## Task goal
What you hand back must match the records word for word, with no pictures.

*** Exercise material ***

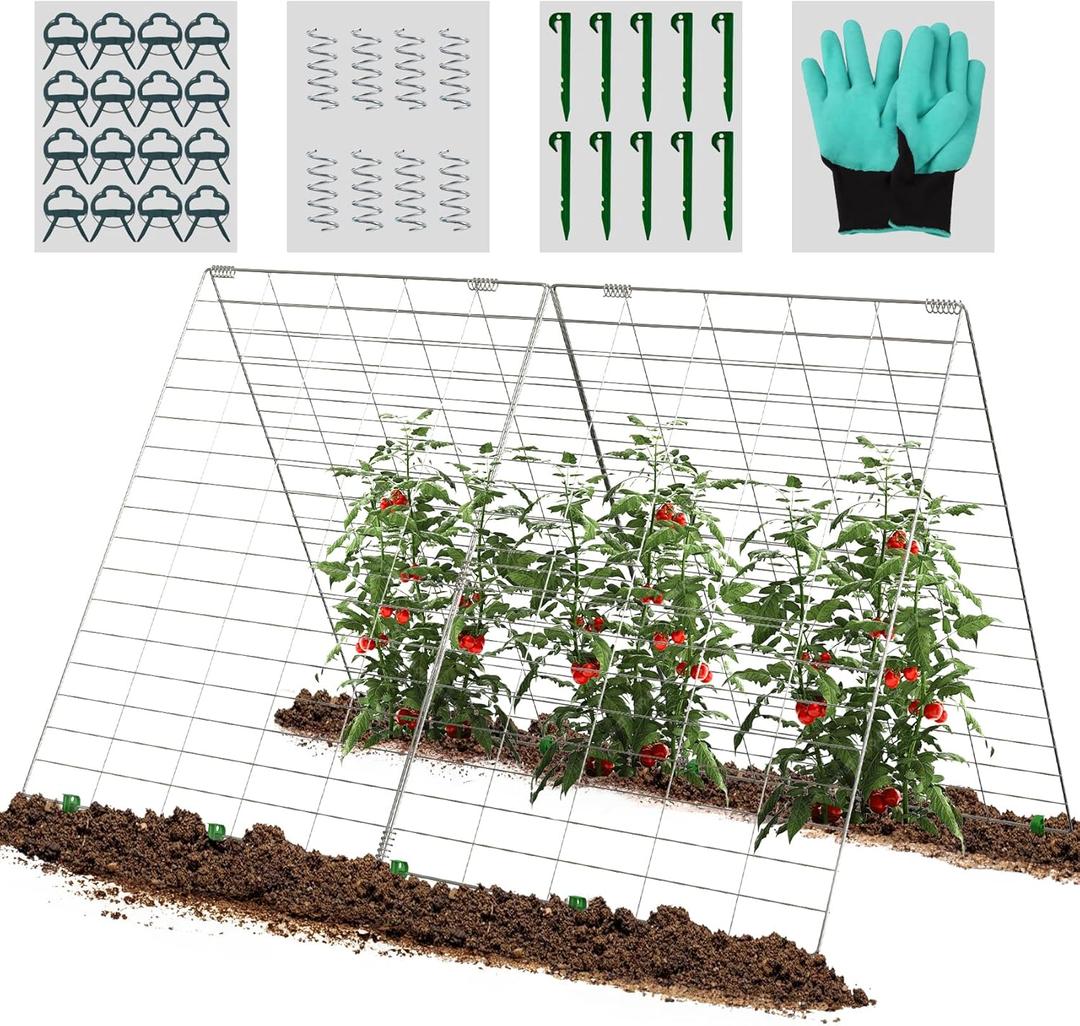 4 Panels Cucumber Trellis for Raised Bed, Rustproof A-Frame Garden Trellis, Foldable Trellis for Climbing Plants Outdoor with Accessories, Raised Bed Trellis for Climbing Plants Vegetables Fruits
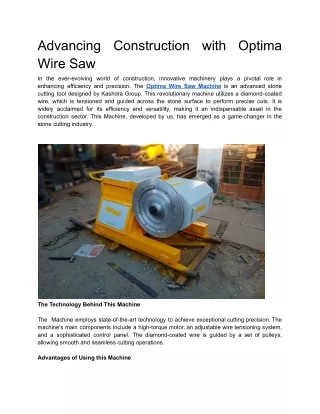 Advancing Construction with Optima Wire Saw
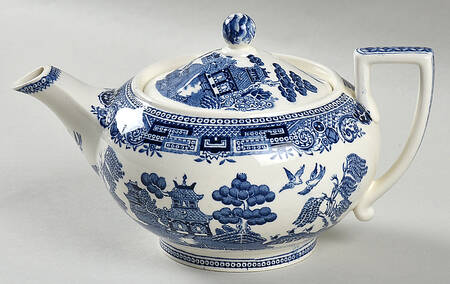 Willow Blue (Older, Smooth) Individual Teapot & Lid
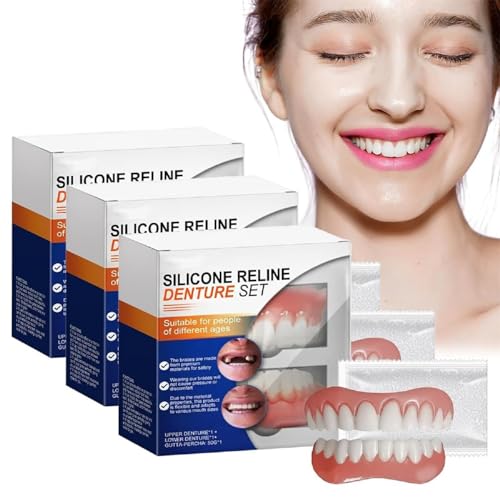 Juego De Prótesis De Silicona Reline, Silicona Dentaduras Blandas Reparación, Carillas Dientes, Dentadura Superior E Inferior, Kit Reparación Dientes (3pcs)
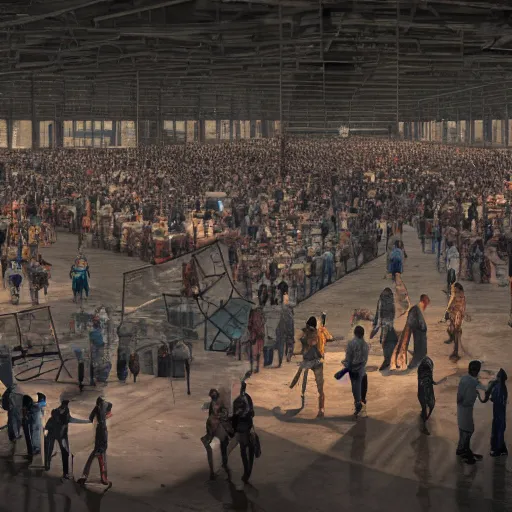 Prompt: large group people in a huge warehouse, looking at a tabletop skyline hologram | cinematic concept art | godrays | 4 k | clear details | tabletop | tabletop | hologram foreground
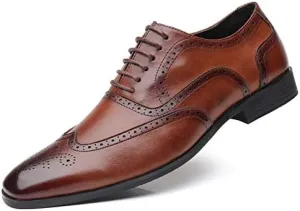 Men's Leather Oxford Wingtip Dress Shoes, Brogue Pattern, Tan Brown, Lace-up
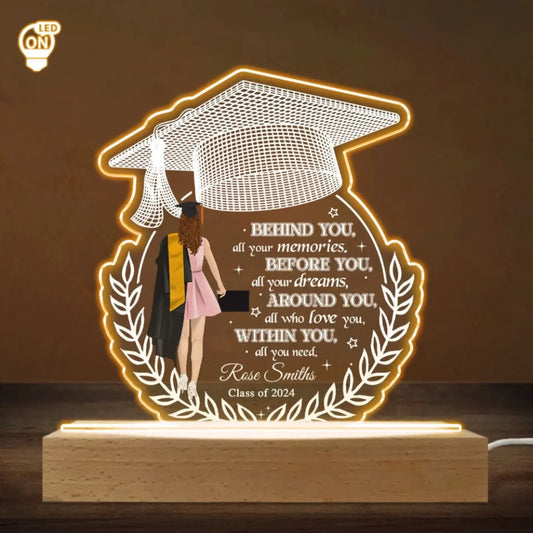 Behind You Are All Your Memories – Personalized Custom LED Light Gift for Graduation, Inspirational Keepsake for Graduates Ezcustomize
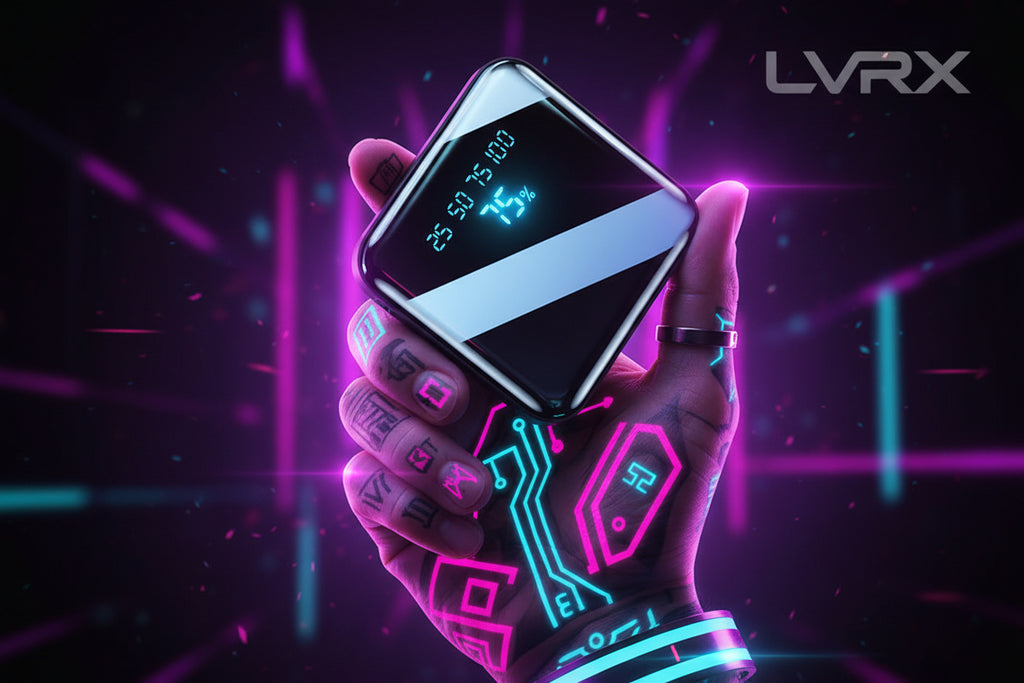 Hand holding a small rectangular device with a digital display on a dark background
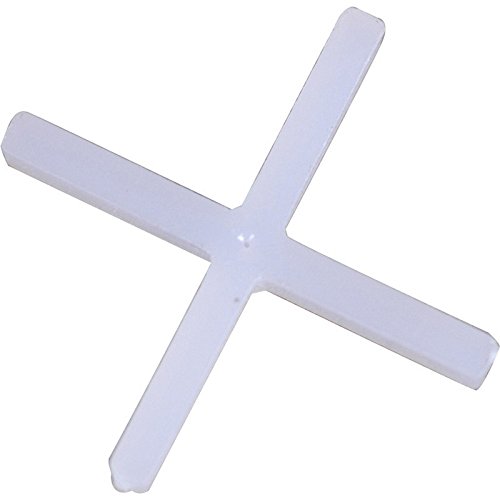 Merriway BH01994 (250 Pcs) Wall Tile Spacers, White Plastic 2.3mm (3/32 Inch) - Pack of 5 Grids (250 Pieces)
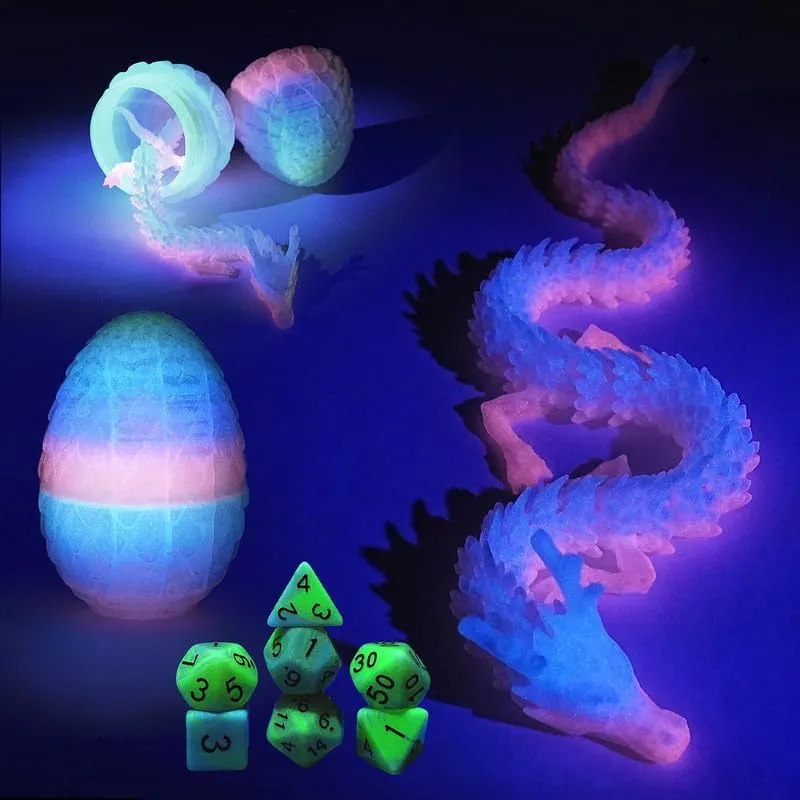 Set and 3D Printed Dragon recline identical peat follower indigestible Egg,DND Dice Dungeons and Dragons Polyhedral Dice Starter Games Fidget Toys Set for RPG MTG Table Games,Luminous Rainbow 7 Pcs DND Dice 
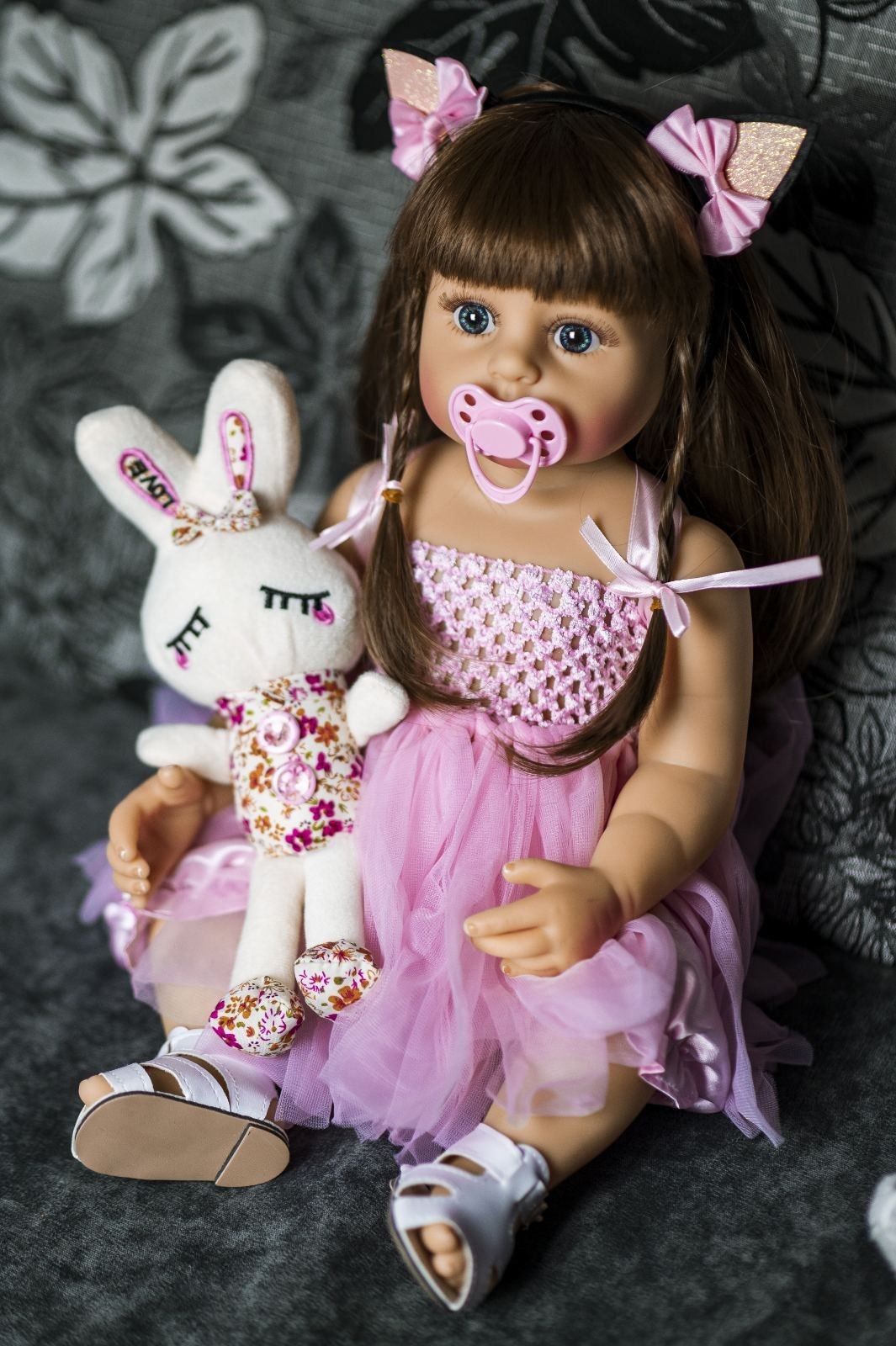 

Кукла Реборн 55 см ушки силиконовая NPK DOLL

***

## Response to the exercise
 4 Panels Cucumber Trellis for Raised Bed, Rustproof A-Frame Garden Trellis, Foldable Trellis for Climbing Plants Outdoor with Accessories, Raised Bed Trellis for Climbing Plants Vegetables Fruits
 Advancing Construction with Optima Wire Saw
 Willow Blue (Older, Smooth) Individual Teapot & Lid
 Juego De Prótesis De Silicona Reline, Silicona Dentaduras Blandas Reparación, Carillas Dientes, Dentadura Superior E Inferior, Kit Reparación Dientes (3pcs)
 Prompt: large group people in a huge warehouse, looking at a tabletop skyline hologram | cinematic concept art | godrays | 4 k | clear details | tabletop | tabletop | hologram foreground
 Men's Leather Oxford Wingtip Dress Shoes, Brogue Pattern, Tan Brown, Lace-up
 Behind You Are All Your Memories – Personalized Custom LED Light Gift for Graduation, Inspirational Keepsake for Graduates Ezcustomize
 Hand holding a small rectangular device with a digital display on a dark background
 Merriway BH01994 (250 Pcs) Wall Tile Spacers, White Plastic 2.3mm (3/32 Inch) - Pack of 5 Grids (250 Pieces)
 Set and 3D Printed Dragon recline identical peat follower indigestible Egg,DND Dice Dungeons and Dragons Polyhedral Dice Starter Games Fidget Toys Set for RPG MTG Table Games,Luminous Rainbow 7 Pcs DND Dice 

Кукла Реборн 55 см ушки силиконовая NPK DOLL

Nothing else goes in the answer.